(Information shown):

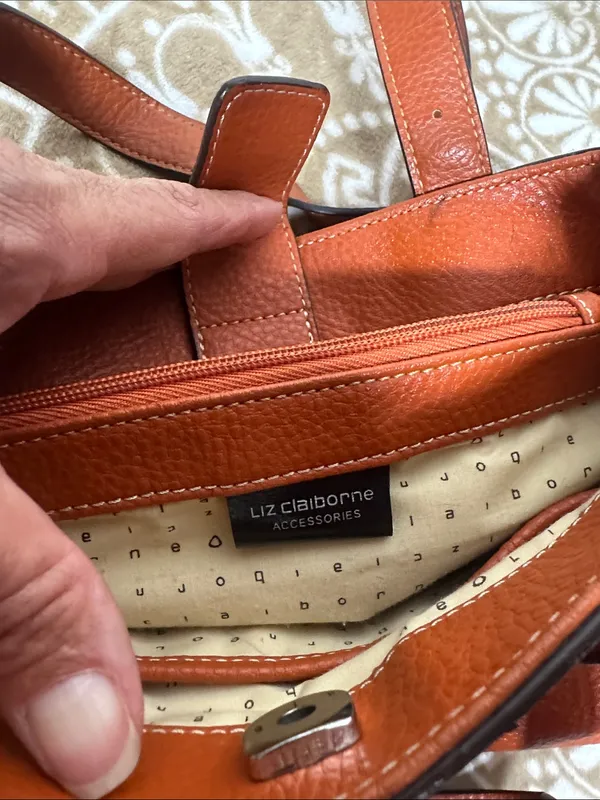 Liz Claiborne Burnt Orange Pebble Leather Shoulder Bag - Image 11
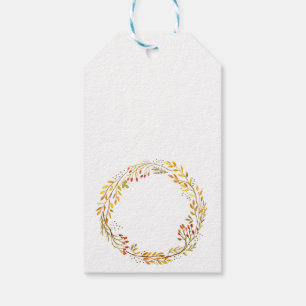 Watercolor Fall Wreath gift tags Thanksgiving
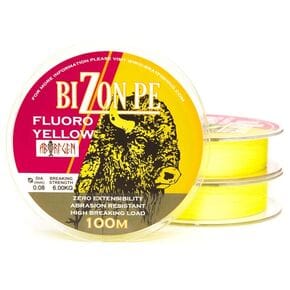 Шнур Bratfishing Bizon Pe Fluoro Yellow 100m 0.06mm жовтий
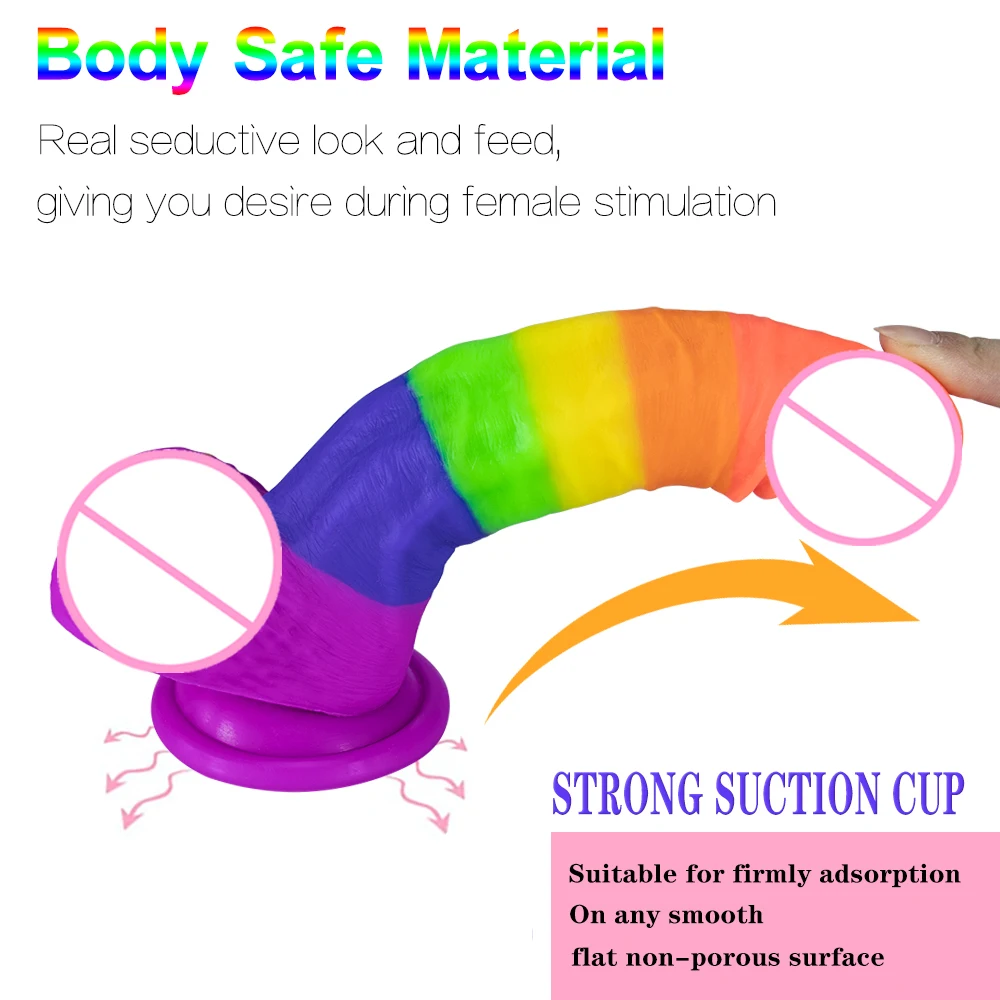 Super Realistic Silicone Rainbow Dildo Huge Anal Penis Gode Suction Cup Sextoys Female Masturbation Faloimitator Products Dick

(Problem to solve):
Beginning with the line containing "Watercolor Fall Wreath" and ending with the last line of the data above, repeat each line exactly. Include no pictures and no other lines.

(Your solution):
 Watercolor Fall Wreath gift tags Thanksgiving
 Шнур Bratfishing Bizon Pe Fluoro Yellow 100m 0.06mm жовтий
 Super Realistic Silicone Rainbow Dildo Huge Anal Penis Gode Suction Cup Sextoys Female Masturbation Faloimitator Products Dick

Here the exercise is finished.